「僕らはこれから飛び立つ。君たちは頑張ってくれ」。特攻機の中継基地・浅間飛行場で、少年志願兵の私は励まされた。何とも言えない切なさだった【証言 語り継ぐ戦争】

2024/08/25 07:00
機関銃の掃射で傷めた左手の傷を見せる牧道重さん=鹿児島市西陵6丁目
機関銃の掃射で傷めた左手の傷を見せる牧道重さん=鹿児島市西陵6丁目
■牧道重さん(93)鹿児島市西陵6丁目

 旧制大島中学校(現大島高校)2年だった1945(昭和20)年2月、少年志願兵として召集され陸軍に入った。

 進学できないのではないかという不安は感じていた。1月に軍事教練の時間が増え、内容も兵隊訓練になったからだ。軍事教練が増えた分、英語の時間が減り、不満を持った上級生が校長に直談判しに行ったが、校内には配属将校や下士官らが目を光らせていて、騒ぎはすぐに抑え込まれた。

 将校らは、陸軍士官学校や海軍兵学校に送り込む生徒を吟味しているのだろうと思っていた。だが2月になり、150人の中から、いつの間にか40人が選抜されて学徒志願するよう促された。

 本当は戦争に行くのは嫌だった。母も強く反対した。だが当時は拒否できなかった。全員が「行きます」と答え、志願兵として扱われた。

 配属先は徳之島の通信部隊暗号班。まず学校で1カ月間、通信技術の特訓を受けた。20人は古仁屋の海軍へ、私たち20人は古仁屋から夜中に上陸用舟艇で徳之島へ渡った。すでに海も空も米軍の攻撃にさらされていて大変な警戒の中、死ぬ覚悟で向かった。

 徳之島には陸軍の浅間飛行場が築かれ、奄美守備隊として独立混成第64旅団が配置されていた。旅団長は鹿児島市出身の高田利貞少将。「中学半ばでよく来てくれた」と馬から下りて一人ずつ握手して励ましてくれた。軍服や短剣もちゃんと準備されていた。

 トップが人格者だったからか、鉄拳制裁を受けた記憶はない。とはいえ軍隊生活は厳しくつらかった。中学生も大人と同じ扱い。広島師団から来た人たちと兵舎で生活した。食料が不足し、ひもじかった。食事を配る当番のときは上官が食べなかった分を食べられるのが楽しみだった。

 浅間飛行場は、沖縄へ向かう特攻機の中継基地だった。
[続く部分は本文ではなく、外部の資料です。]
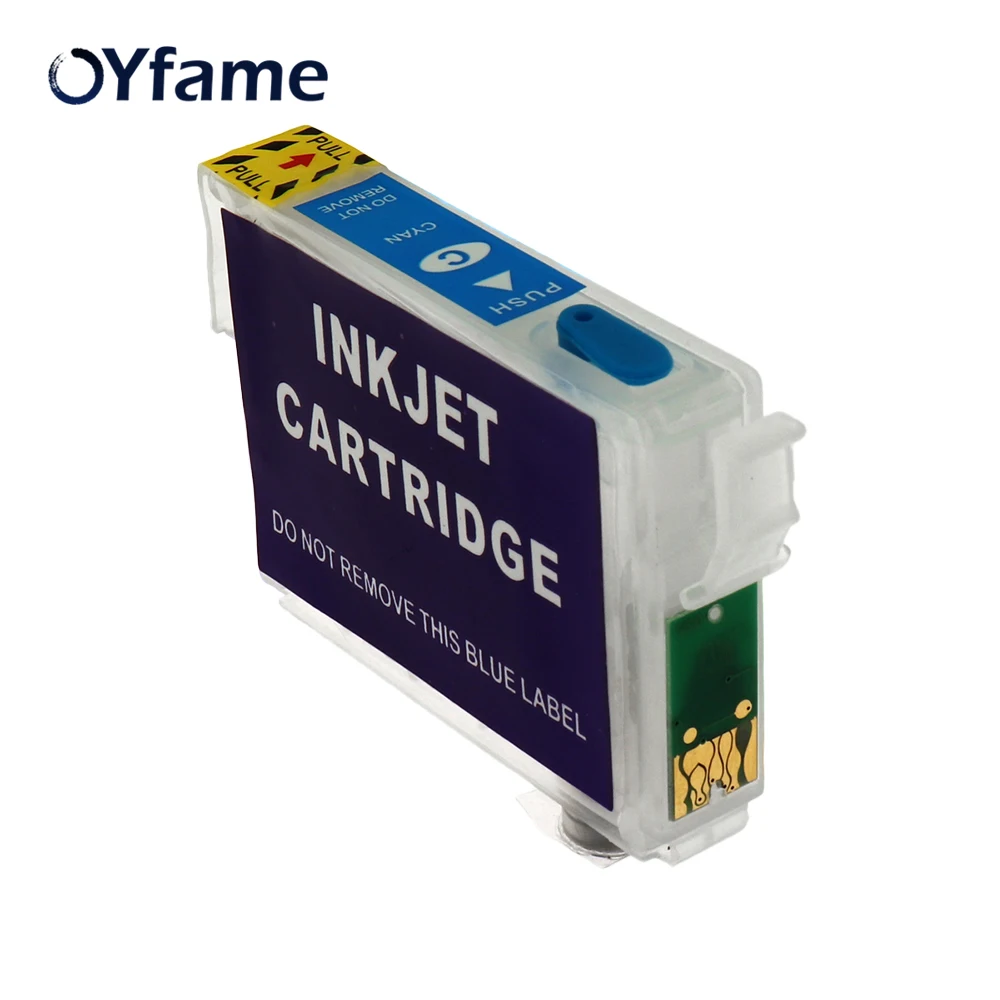 OYfame T1281 сменный Балончик с чернилами для принтера EPSON S22 SX125 SX130 SX235W SX420W SX440W SX430W SX425W SX435W SX438 SX445W принтер
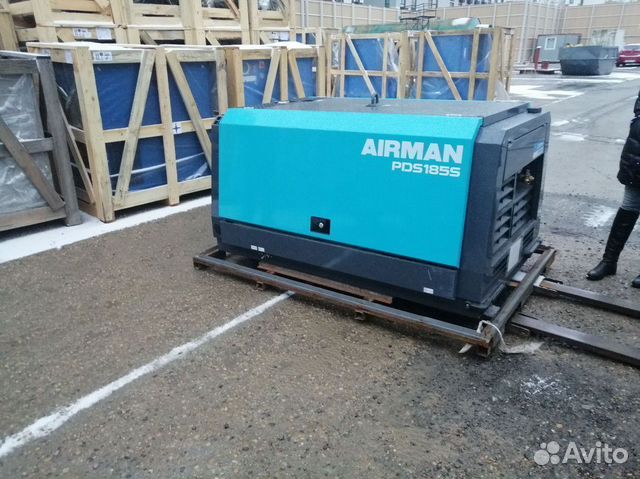 Дизельный передвижной компрессор Airman PDS объявление продам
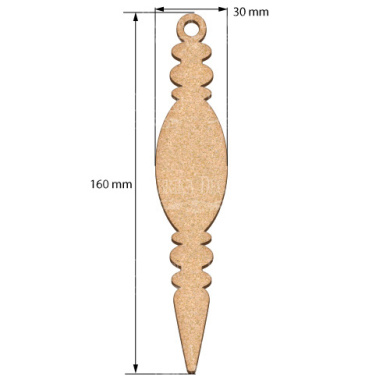 Blank for decoration New year tree toy 20, #451 - 2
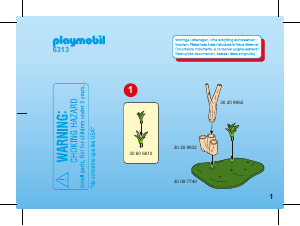 Handleiding Playmobil set 6313 Accessories Koalas met eucalyptusboom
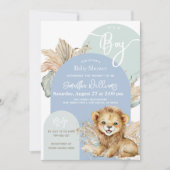 Es ist ein Baby Safari Theme Lion Baby Shower Einladung (Vorderseite)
米軍の空襲が激しく、守備隊がその都度滑走路を補修した。

 通信部隊は、司令部の近くにあったので高田少将にあいさつに来る特攻兵の人たちとも会った。「僕らはこれから飛び立つが、君たちは通信部隊として頑張ってくれ」と励まされ、何とも言えない切なさを感じた。特攻機が敵艦に突っ込んでいく様子は島からも火花が見えた。「すごいな」「偉いな」とみんなで称賛していた。

 米軍の捕虜と話したこともある。不時着した米兵2人はちゃんとした扱いを受け、平然としていた。食欲旺盛で私たちたちと同じように雑炊のようなものを食べた。島には「朝鮮P」と呼ばれる女の人たちもいた。慰安婦だったのだろうが、自分はまだ子どもでよく分からなかった。

 戦争が終わって名瀬に帰ると、街が焼き尽くされていた。みんな山手に疎開していて、そこで家族に会えた。

 9月に復学したが、米国の信託統治下では、本土への進学が許されなかった。沖縄外国語学校(現琉球大学)を受験し、卒業後も沖縄民政府で働いた。奄美の本土復帰を機に、沖縄から戻って高校教員になり、本土で教員免許を取り直した。

 戦後は平和でありがたい時代を過ごした。中学校で何度か戦争体験を語ったが、生徒は戦争に行くことが信じられないようだった。今また緊張が高まっている。国防意識は必要だが、戦争は絶対にしてはいけない。外交で回避しなければならない。